Mar 03 2026.
views 14By Rihaab Mowlana
At 11:47 a.m., the café is full.
Sunlight settles in deliberate squares across the floor. Iced lattes bead with condensation. Someone leans forward to adjust the angle of a croissant before taking a photograph. At one table, a group debates the recent cricket match with the seriousness of policy analysts. At another, a bride-to-be scrolls through wedding hashtags, testing how they look in lowercase.
Beneath the table, a phone vibrates. It is not a message. It is not a calendar reminder. It is a headline.
Another escalation. Another airstrike. Another number that feels too large to comprehend and too small to change anything.

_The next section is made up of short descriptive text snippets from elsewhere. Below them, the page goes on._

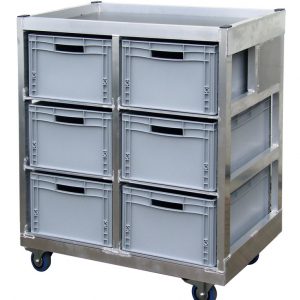 Krattenkar Aluminium voor 6 Eurobakken met werkblad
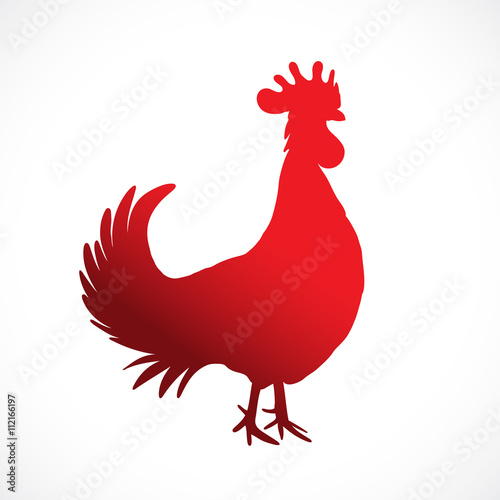 Chinese 2017 new year of the Rooster symbol. Rooster on white background. Chinese zodiac rooster design element for Chinese New Year decoration.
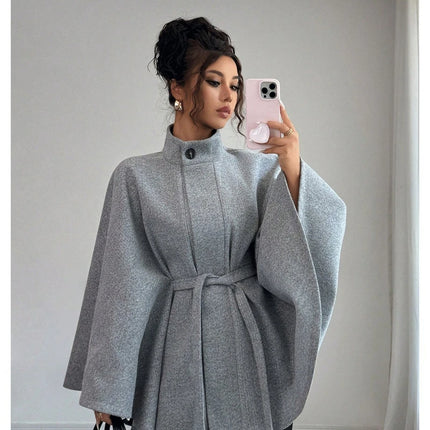 Women's Belted Wool Cape Coat High Neck Stand Collar Batwing Sleeve Loose Fit Winter Warm Poncho Outerwear 2026
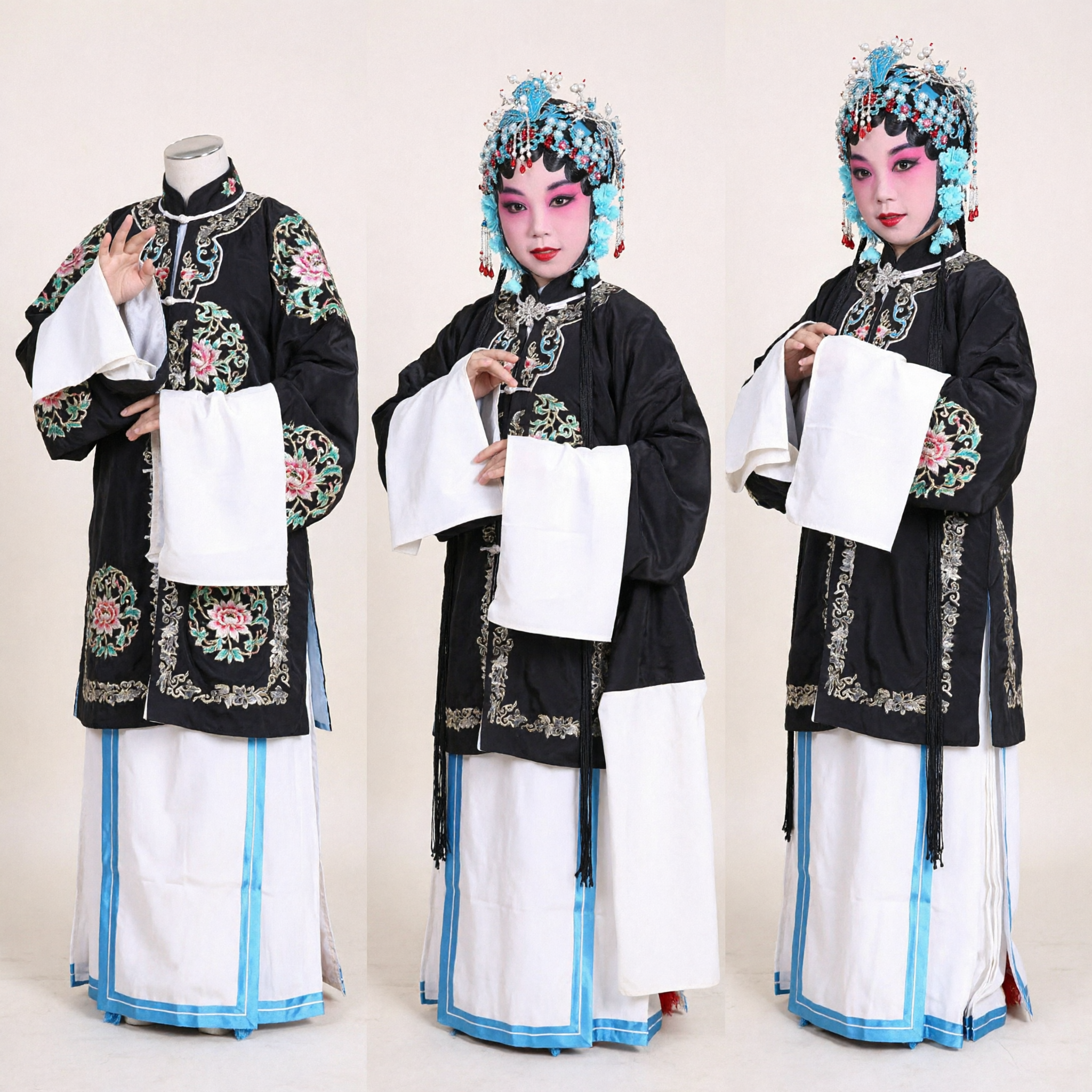 Traje Tradicional de Ópera de Pekín para Niños Túnica Negra Bordada Mangas de Agua Blancas Vestido Escénico - Asian Costume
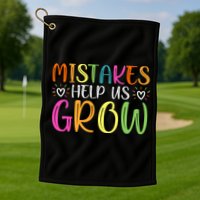 Motivational Slogan Inspirational Math Teacher Colorful Typography Golf Towel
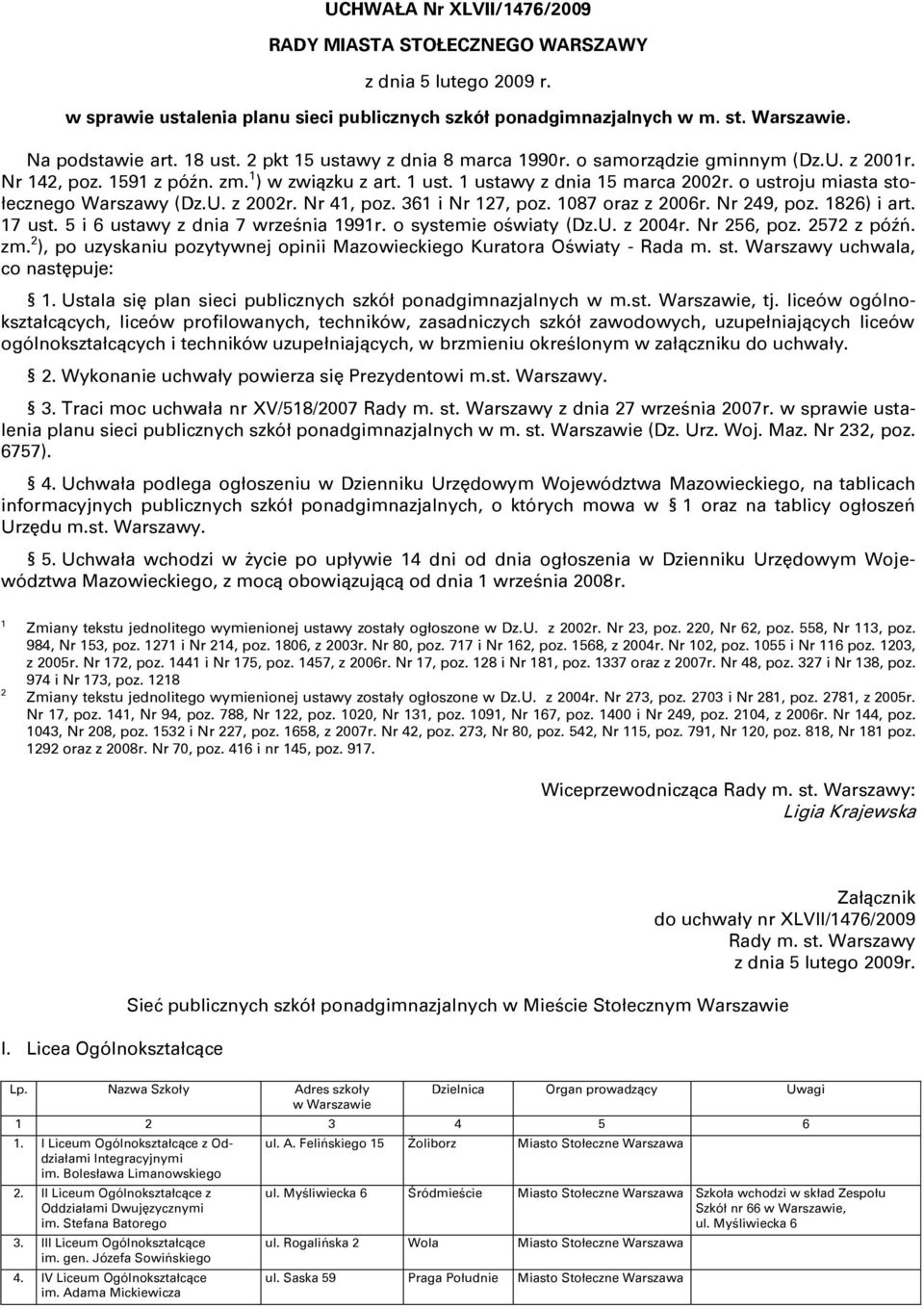 o ustroju miasta stołecznego Warszawy (Dz.U. z 2002r. Nr 41, poz. 361 i Nr 127, poz. 1087 oraz z 2006r. Nr 249, poz. 1826) i art. 17 ust. 5 i 6 ustawy z dnia 7 września 1991r. o systemie oświaty (Dz.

Behind each refreshed notification is a family recalculating what safety means, a child learning the sound of sirens, a kitchen table that will not look the same tomorrow. The distance between that table and this one is geographic, not emotional, even if it sometimes feels easier to pretend otherwise.
The screen glows between a skincare reel and an advertisement for linen trousers. A video auto-plays. Smoke rises against a skyline that most people at the table have never seen in person. The footage lasts seconds. The algorithm moves on.
Someone locks the phone.
“Should we get the tiramisu?”
There is a pause. Then a nod. This is not indifference. It is something more complicated.
Psychologists call it compassion fatigue, the dulling that occurs when exposure to suffering exceeds our capacity to process it. The brain, built for local danger, struggles with global simultaneity. It cannot hold a collapsing building and a cappuccino order with equal weight for very long. When there is nothing immediate to fix, nothing tangible to repair, it does what it must to survive. It compartmentalises.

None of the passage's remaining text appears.